(Beginning of Supplied data)

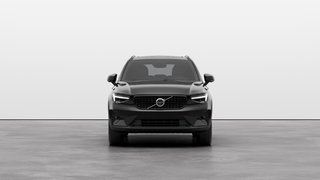 Volvo XC40 PLUS VERSION FONCÉE 4 cyl. en ligne turbo de 2 L à injection directe -comprend : générateur-démarreur intégré Traction intégrale 2025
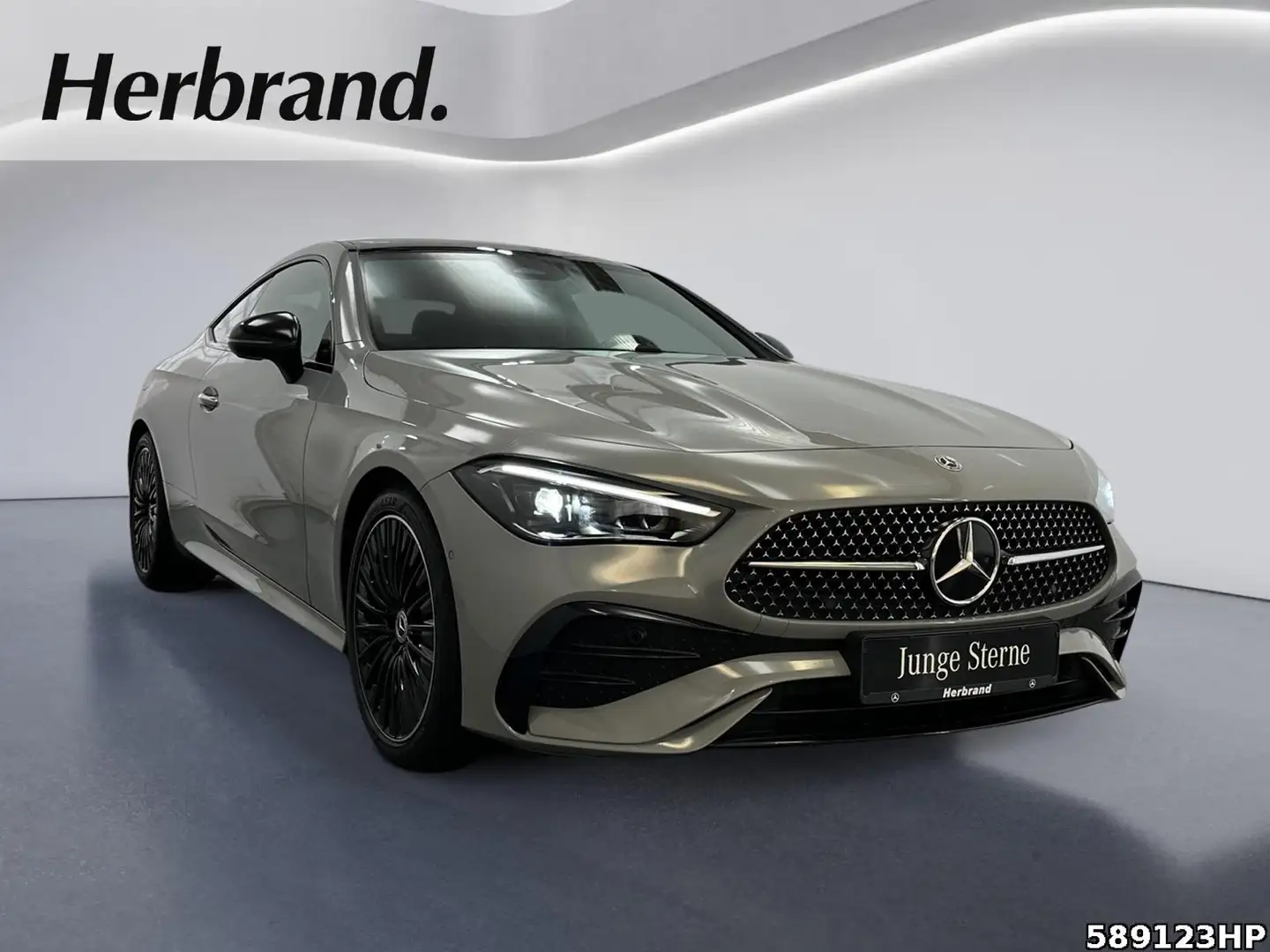 Mercedes-Benz CLE 200 Coupé AMG Night Pano 19" Memory Keyless Gris - 2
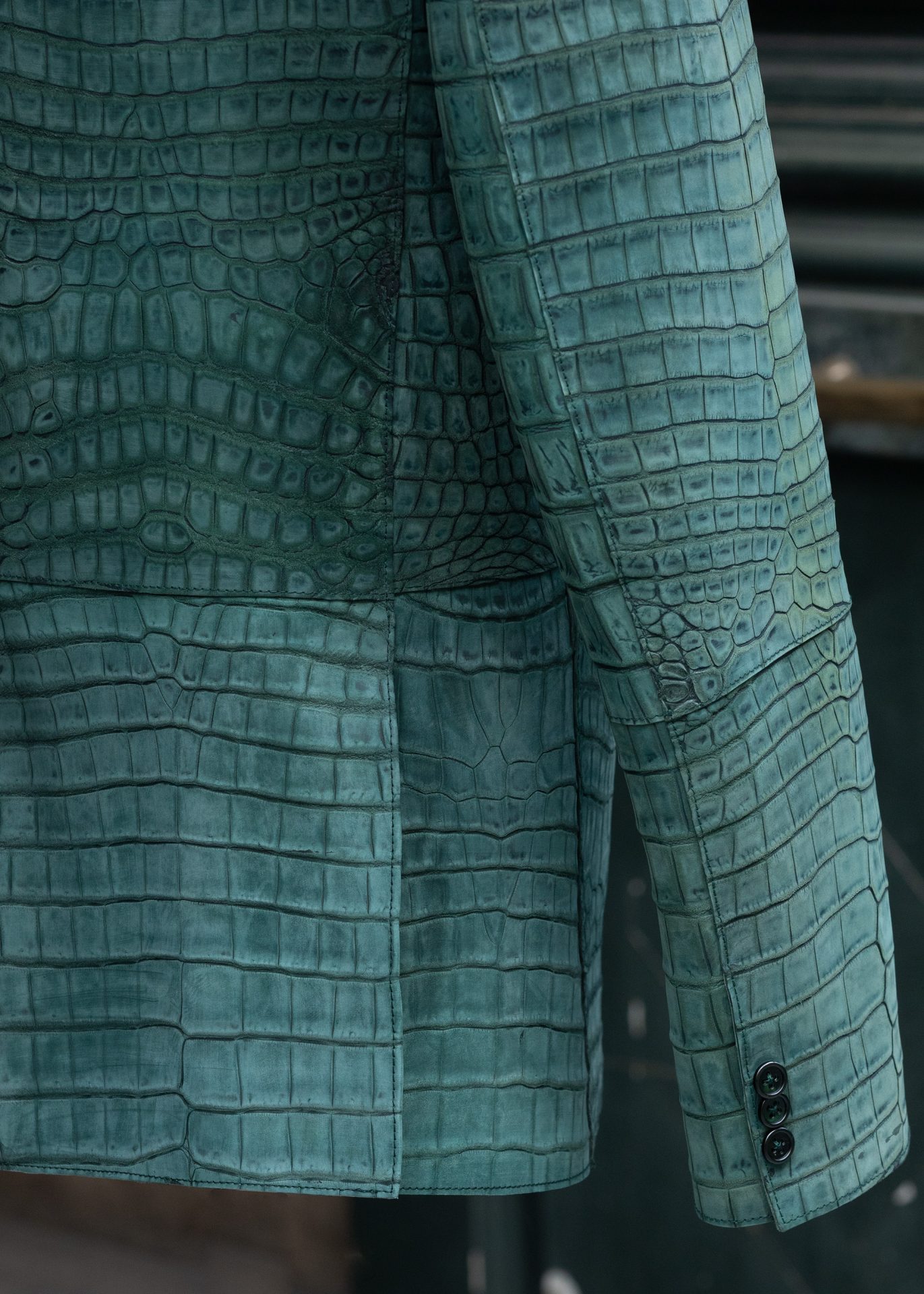 veste en cuir de crocodile nubucké vert - detail bas et manche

(End of Supplied data)

The data above should be returned in full, exactly as written, apart from its images.

:: Reply to the task ::
 Volvo XC40 PLUS VERSION FONCÉE 4 cyl. en ligne turbo de 2 L à injection directe -comprend : générateur-démarreur intégré Traction intégrale 2025
 Mercedes-Benz CLE 200 Coupé AMG Night Pano 19" Memory Keyless Gris - 2
 veste en cuir de crocodile nubucké vert - detail bas et manche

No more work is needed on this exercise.